Muscle Shoals, Maria J. Langer Film Series, Sunday, Oct. 12, 2014
Located alongside the Tennessee River, Muscle Shoals, Alabama has helped create some of the most important and resonant songs of all time. Overcoming crushing poverty and staggering tragedies, Rick Hall brought black and white together to create music for the generations. He is responsible for creating the “Muscle Shoals sound” and The Swampers, the house band at FAME Studios that eventually left to start its own successful studio known as Muscle Shoals Sound. Gregg Allman and others bear witness to Muscle Shoals’ magnetism, mystery and why it remains influential today.
Fly by Light, On Screen/In Person, Sunday, Oct. 26, 2014
* Please note: This will be screened in the Mary D’Angelo Performing Arts Center
A group of teenagers board a bus for West Virginia, leaving the streets of Washington, D.C., to participate in an ambitious peace education program.
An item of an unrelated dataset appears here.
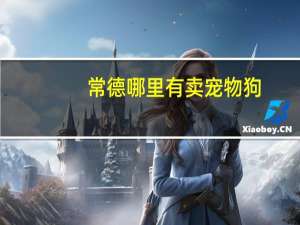 常德哪里有卖宠物狗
For the first time in their lives Mark, Asha, Martha, and Corey play in mountain streams, sing under the stars, and confront the entrenched abuse, violence and neglect cycles of their past. But as they return to DC, each young person faces an unforgiving series of hurdles and roadblocks that challenge their efforts to build a better life. Through breathtaking visuals from street corners to mountaintops, Fly By Light is an intimate exploration of the chaotic, confusing, and emotional journey to rewrite a young person’s future.
A Most Wanted Man, Maria J. Langer Film Series, Sunday, Nov. 2, 2014
When a half-Chechen, half-Russian, brutally tortured immigrant turns up in Hamburg's Islamic community, laying claim to his father's ill-gotten fortune, both German and US security agencies take a close interest: as the clock ticks down and the stakes rise, the race is on to establish this most wanted man's true identity - oppressed victim or destruction-bent extremist?
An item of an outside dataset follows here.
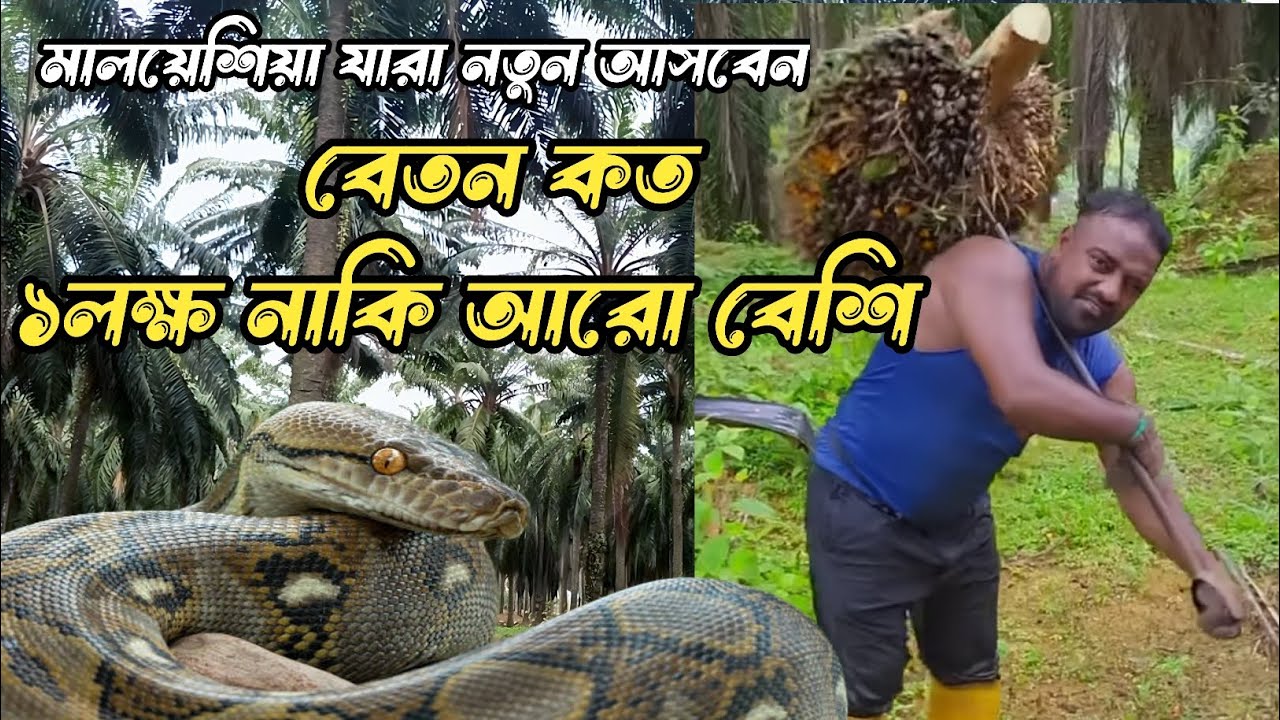 পামবাগান কাজের কষ্ট ও ইনকামের সত্য কথা | মালয়েশিয়া লাইফ | Malaysia Calling Visa Update | Tazuddin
The Phantom Tollbooth: Beyond Expectations, On Screen/In Person, Sunday, Nov. 9, 2014
Through interviews, animation and archival materials, this documentary playfully explores the creation, creators, lasting impact and enduring relevance of one of the most universally beloved children’s books of our time. The film introduces viewers to the hilarious world of 1961’s The Phantom Tollbooth, along with some of the novel’s more serious themes. Discover author Norton Juster’s word play, watch Pulitzer Prize-winning artist Jules Feiffer draw Tollbooth protagonist Milo for the camera, and hear children’s author and illustrator Eric Carle reflect on the creative process. Conceived in Brooklyn during the Cold War 1950s, The Phantom Tollbooth – hailed as “the Alice in Wonderland of our time” – is about much more than a bored little boy who travels through a tollbooth to the Lands Beyond to rescue princesses named Rhyme and Reason. The film illuminates the book’s deeper themes: the value of learning, the state of children’s literature, the creative journey and the importance of the written word. The book triumphed and has sold nearly 4 million copies to date and been translated into 20 languages.
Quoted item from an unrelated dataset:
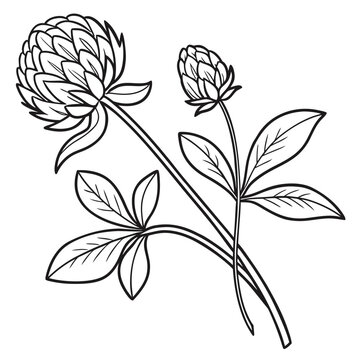 gomphrena flower line art vector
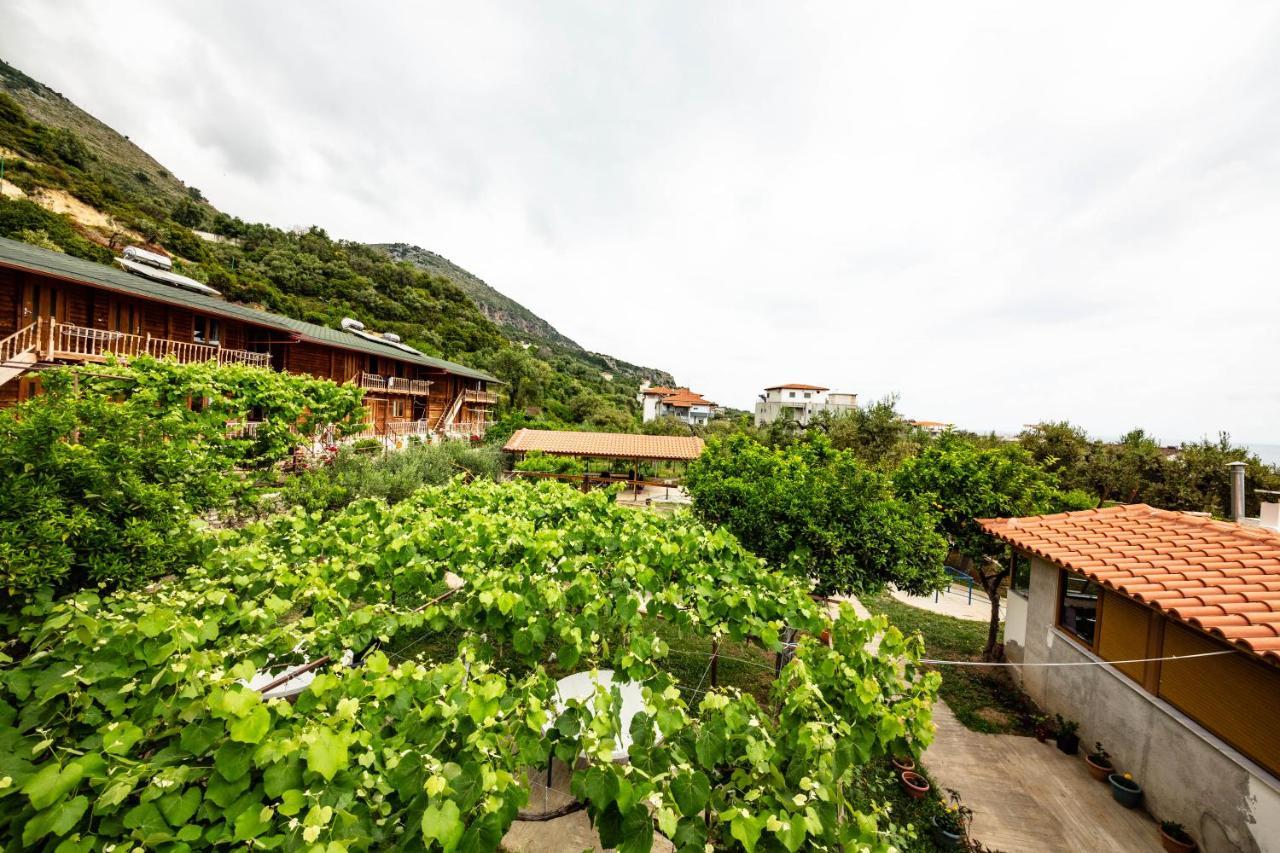 Guest House Luiza Borsh Exterior photo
Frank, Maria J. Langer Film Series, Sunday, Nov. 16, 2014
Acclaimed Irish director Lenny Abrahamson follows up his award-winning films Adam & Paul, Garage, and What Richard Did with an offbeat comedy about a young wannabe musician, Jon (Domhnall Gleeson), who finds himself out of his depth when he joins an avant-garde pop band led by the mysterious and enigmatic Frank (Michael Fassbender), a musical genius who hides himself inside a large fake head, and his terrifying bandmate Clara (Maggie Gyllenhaal).